Casilda E. Roper-Simpson is a long-time senior attorney, administrative law judge, and adjunct lecturer that’s jumped at the chance to be the next Countywide Civil Court judge in this year’s race.
“I have prepared myself from the onset of my career. I knew I always wanted to be an attorney,” said Roper-Simpson. “I have been very committed to this profession and my community.”
Roper-Simpson said she has learned to listen to people and how important it is to be impartial as a judge. She said she felt like she’s been preparing for this her whole life considering the path to her legal career has not been easy financially or otherwise. Roper-Simpson attended Baruch College in the late 1980s and Brooklyn Law School in the early 1990s. During that time she was also a legal secretary and a paralegal for the District Attorney’s office.
“I used to walk from 43rd to 20-something street to Baruch because I couldn’t afford the bus. And I’d put my walkman, yes walkman, in my ear and walk,” said Roper-Simpson.
Starting with the painful deaths of her father and sister to struggling through motherhood while trying to pass classes and the bar exams, Roper-Simpson said she learned to persevere with the support and encouragement of her husband and family members.
She comes from a large family and parents who were hard working immigrants from Panama.
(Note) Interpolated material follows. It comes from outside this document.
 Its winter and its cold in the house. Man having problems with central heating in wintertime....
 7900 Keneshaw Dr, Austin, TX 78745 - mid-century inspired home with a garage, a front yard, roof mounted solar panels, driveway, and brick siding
They settled in Crown Heights in her childhood and were big believers in education. Most of her six siblings are also successful public servants, said Roper-Simpson, with one of her sisters also being an attorney and judge. She said her family isn’t extremely political at all though.
“We never missed school. And one day this teacher called home and he told my mom I wasn’t doing so good in social studies, and she was not happy,” she laughed. “She literally put me in my room with my text book and I couldn’t leave until I learned the whole thing. I actually found out the constitution existed and fell in love with it.”
She took that fundamental love of the constitution and education and tried to imbue the classes she teaches with the same enthusiasm, virtual classrooms or not.
She taught at New York City Technical College and also teaches graduate and undergraduate students at Molloy College in Rockville Center, Long Island. Most of her students, she said, want to be attorneys, police, or federal officers.
“I find they take my class because they want to know the law, and a lot of them say they don’t know the law,” said Roper-Simpson. “I teach that there’s no right or wrong answer. It’s an adversarial system. Who’s the most persuasive individual? Where do the facts really lie?”
Roper-Simpson said she often holds mock trials and studies real life cases with her mostly white male students from Long Island to address the “disconnect” between the presumptions and realities of policing.
“The young man who was shot by an Asian officer in the Pink Houses in Brooklyn. He was coming down the steps in the projects. The police officer was patrolling and the gun went off and ricocheted and shot the young man,” she said, referencing the shooting of Akai Gurley last year. “We followed that case and they couldn’t understand why he was walking down the steps in the projects.”
Over the years, Roper-Simpson has had experience in handling criminal, civil, family law, immigration, human rights, and police brutality cases, and spent years in Kings County, Nassau County, New York State, and Queens County Smalls Claims courts.
“Having had the opportunity to appear in front of such honorable judges as Judge Sylvia Hinds-Radix, Judge Sarah Krauss, Judge Priscilla Hall, Judge Larry Martin Judge William Miller and so many more who exhibited great courtroom management, temperament, impartiality, integrity respect and equality as they administered justice,” said Roper-Simpson, “I am committed to provide the people of Brooklyn a judge with such a great stature and those attributes.”